EUROISMAR 2019

One of the main application fields of EPR in biological samples is the investigation of paramagnetic centers (like metal ions or amino acid radicals) in proteins. Electron-nuclear double resonance (ENDOR) allows obtaining information about naturally occurring, nuclear spins (¹H, ¹⁴N, …) in the immediate neighborhood of such electron spin centers. Interactions with remote nuclei (≥ 7 Å) are often poorly resolved owed to the weakness of the interaction. The strongest coupling is typically exerted by ¹H nuclei. However, their ubiquity in biological macromolecules leads to crowding of ¹H ENDOR spectra. ¹⁹F nuclei interact almost as strongly with electron spins as 1H does, and it is often possible to replace ¹H by ¹⁹F nuclei due to the bioisosterism of the two atoms. We introduce here ¹⁹F nuclei as spin labels for ENDOR at high EPR fields (3.4 T/94 GHz), where the ¹⁹F resonance frequency is reasonably (> 8 MHz) separated from all other nuclear resonances. The feasibility of this approach is shown at three stages. First, it is demonstrated that couplings between a nitroxide radical and ¹⁹F nuclear spin are detectable for distances up to 15 Å on small, synthetic models. For r ≳ 6 Å distances are found well consistent with the point-dipole model. In a second set of experiments on spin labelled RNA duplexes, data of comparable quality could be obtained.
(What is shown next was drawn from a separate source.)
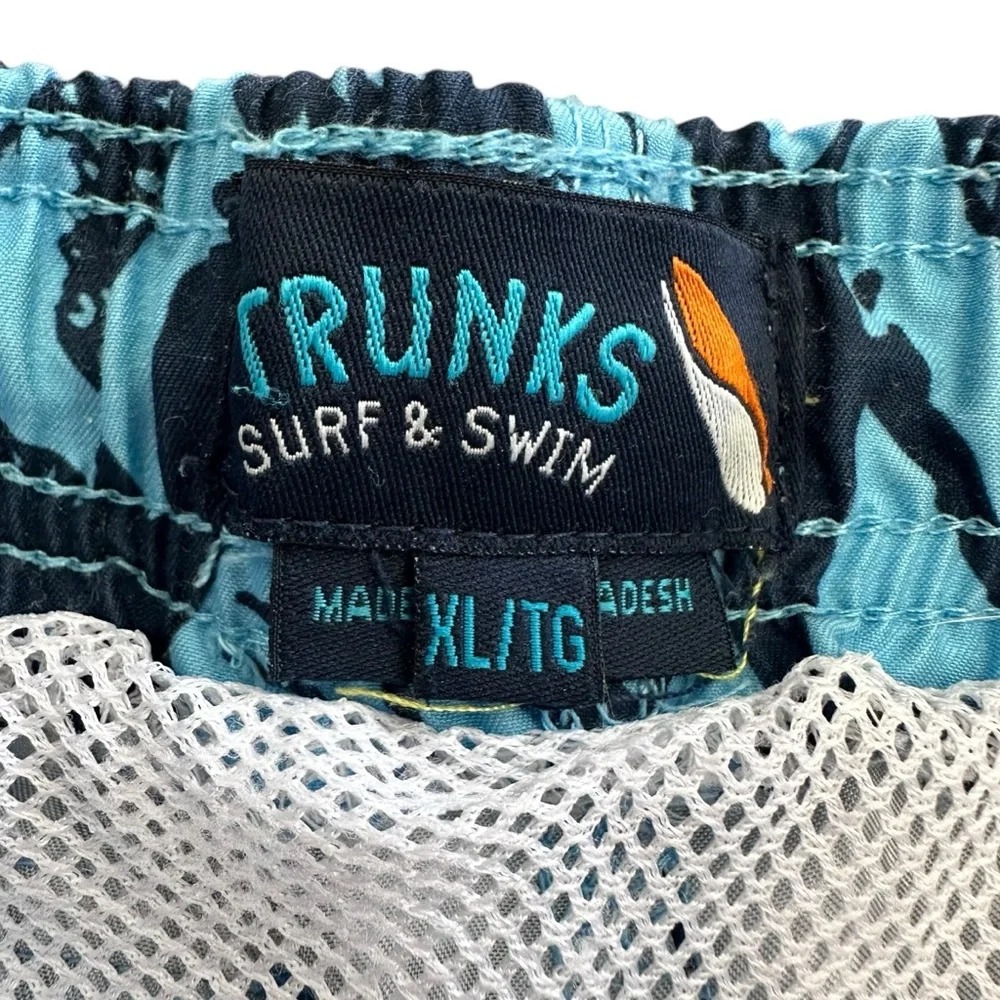 Trunks Surf‎ & Swim Co Swim Shorts Blue Sharks Youth Size XL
Finally, first applications of the method are shown on ¹⁹F labelled E. coli ribonucleotide reductase, providing geometrical information about the intermediate tyrosyl radical Y₃₅₆● in the long range radical transfer pathway of this enzyme. The results indicate that the method of 19F ENDOR could find application as a general tool in ESR spectroscopy for the intermediate distance range (~ 5 – 15 Å), as did PELDOR for the large distance range (~ 20 – 100 Å).